Nous avons été confrontés à une situation inédite en termes de crise de sécurité civile, car nous avions deux incendies de grande ampleur sur le même département. De plus, nous ne disposions pas de fenêtres de tir pour les éteindre. Nous faisions face à des incendies qui gagnaient en puissance et, malgré toutes les tactiques mises en œuvre, les conditions météorologiques empêchaient leur extinction.
Nous avons alors rapidement maintenu les fondamentaux en termes de structuration du commandement, avec un DOS et un commandant des opérations de secours (COS). Nous avons toutefois adapté cette structure à la situation. En effet, tout n'était pas dans le manuel et, à plusieurs reprises au cours de ces mois d'été, nous avons pris des mesures extraordinaires. D'abord, Mme la préfète Buccio a pris la direction des opérations de secours, tandis que j'ai assumé le rôle de COS. Cependant, nous avions affaire à deux feux majeurs séparés par environ 50 kilomètres. N'ayant pas le don d'ubiquité, le commandant de terrain avait plus de latitude qu'un simple chef de secteur, mais des priorités devaient être établies entre les chantiers.
Ces priorités ont été définies et validées par Mme la préfète de manière très claire. Il fallait d'abord éviter les pertes humaines au niveau des deux incendies principaux, puis empêcher l'apparition d'un troisième incendie de grande ampleur. Sur les trois mois d'été, nous avons dû traiter 640 départs de feu. Nous devions donc conserver nos moyens pour les déployer sur les incendies qui survenaient, en particulier le 18 juillet, maintenant appelé le « lundi noir ». À ce moment-là, les deux incendies principaux ont atteint leur pic de virulence et nous avons dû traiter un troisième feu à Vendays, que nous sommes parvenus à « coiffer ». En parallèle, nous devions maintenir la réponse quotidienne en matière de sécurité civile, c'est-à-dire assurer 300 à 400 interventions journalières, dont 80 % représentaient des secours à des personnes.

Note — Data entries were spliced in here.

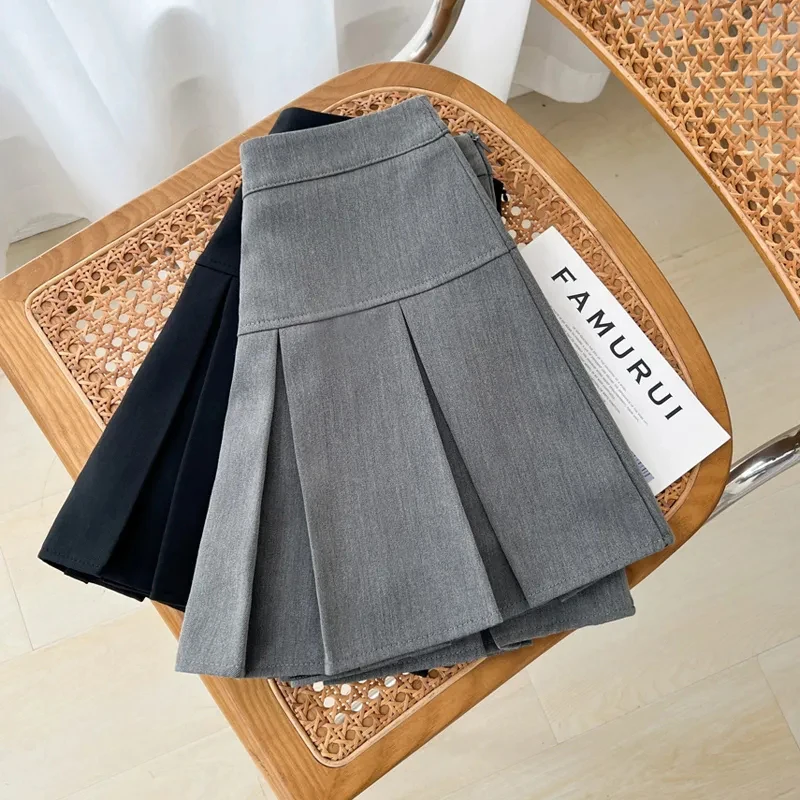 Grey JK Pleated Skirt Women Summer High Waist Solid Preppy Dance Skirts Y2K Korean Slim All-match Mini Skirts New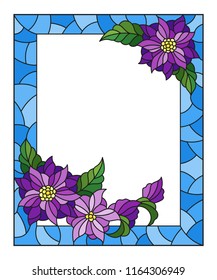 Illustration in stained glass style with frame with abstract purple flowers on blue background, rectangular image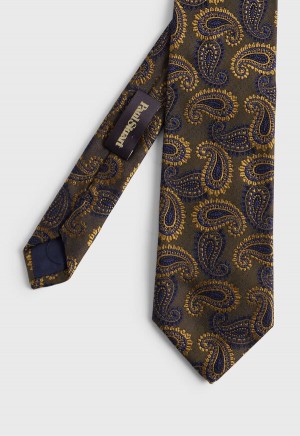 Paul Stuart Woven Silk Two Tone Paisley Gold | AU_PAUL19919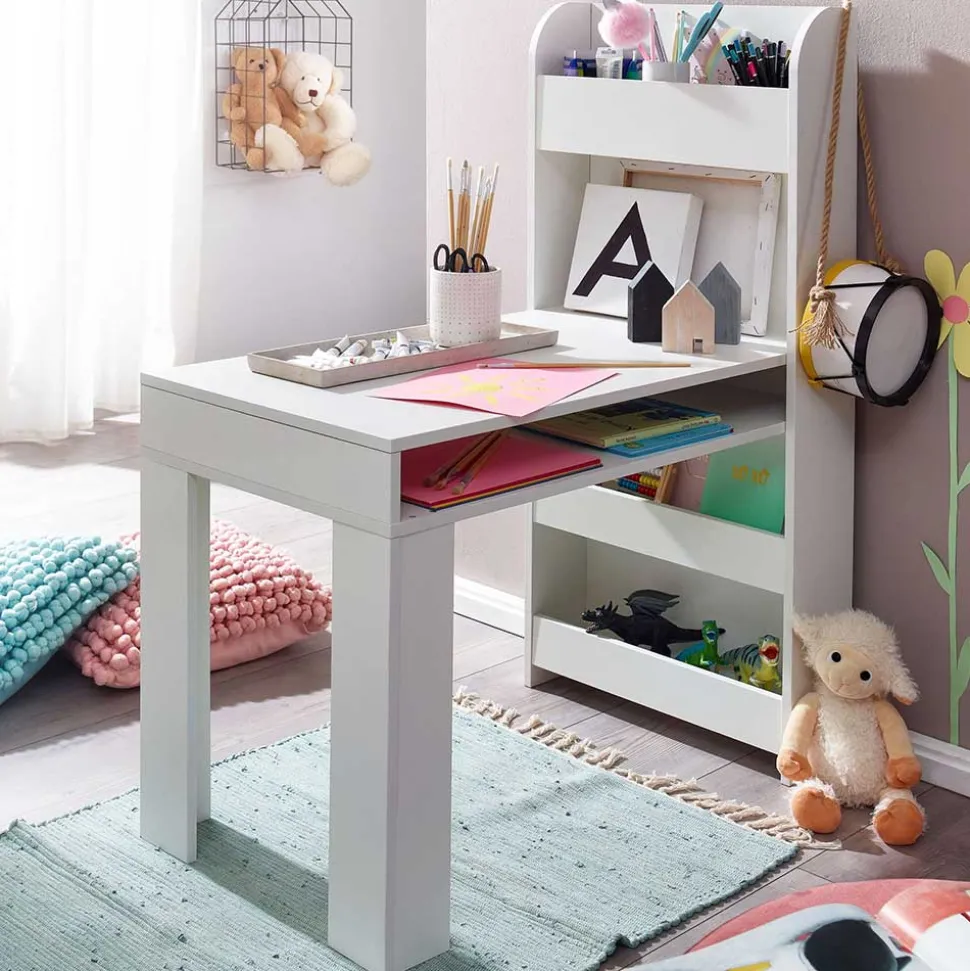 Kinder Schreibtisch mit Regal in Weiß - Intora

Notre structuration a conduit à avoir deux DOS de terrain, qui connaissaient leur marge de manœuvre et rendaient compte régulièrement à Mme la préfète pour divers aspects de la gestion de la crise. Cette structure se retrouvait du côté des sapeurs-pompiers, avec des COS de terrain, bien que leur autonomie soit moins étendue que dans une opération classique. Ils devaient rendre compte et faire valider des idées de manœuvres ou de propositions.
Pour maintenir un lien avec les élus, les deux mêmes lieutenants-colonels étaient présents sur les PC, de même que les deux sous-préfets, tandis qu'une rotation était mise en place la nuit. La structuration très claire a permis que l'inter-service fonctionne avec aisance, évitant ainsi toute tension avec les forces de l'ordre, notamment lorsqu'il a fallu préparer des évacuations. Des réunions étaient tenues avec le sous-préfet, le COS de terrain et le correspondant de police ou de gendarmerie pour élaborer des stratégies en termes de temporalité et de zones géographiques à évacuer en priorité. Ce travail était partagé avec le maire, qui apportait sa connaissance du territoire.

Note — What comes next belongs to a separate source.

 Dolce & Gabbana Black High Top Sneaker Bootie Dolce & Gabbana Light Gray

Lorsque des innovations ont été nécessaires, nous avons mis en œuvre des techniques opérationnelles connues, mais que nous avons élevées à une échelle industrielle. Par exemple, les feux tactiques supposaient de mettre le feu à des parcelles appartenant à des propriétaires forestiers. Les sous-préfets, les maires et élus étaient d'ailleurs à nos côtés pour faire œuvre de pédagogie auprès des sylviculteurs. De plus, nous avons travaillé avec des coupes tactiques, qui représentent une nouvelle technique opérationnelle. Comme nous n'avions pas de point de rendez-vous dans des délais raisonnables, nous avons été amenés à couper du bois grâce à la DFCI en partenariat avec les sylviculteurs. Nous ne disposions alors d'aucune base légale, mais un travail a permis d'introduire cette mesure dans le code forestier. La directrice des opérations de secours a pesé de tout son poids, notamment parce que dans la loi de modernisation de la sécurité civile, tous les moyens réquisitionnés au profit du SDIS sont à la charge de l'établissement public. En effet, lorsque vous êtes confronté à une crise hors normes, il est nécessaire de faire appel à la solidarité nationale. C'était l'une des premières fois que nous avions été amenés à le faire et Mme Buccio s'était montrée très claire.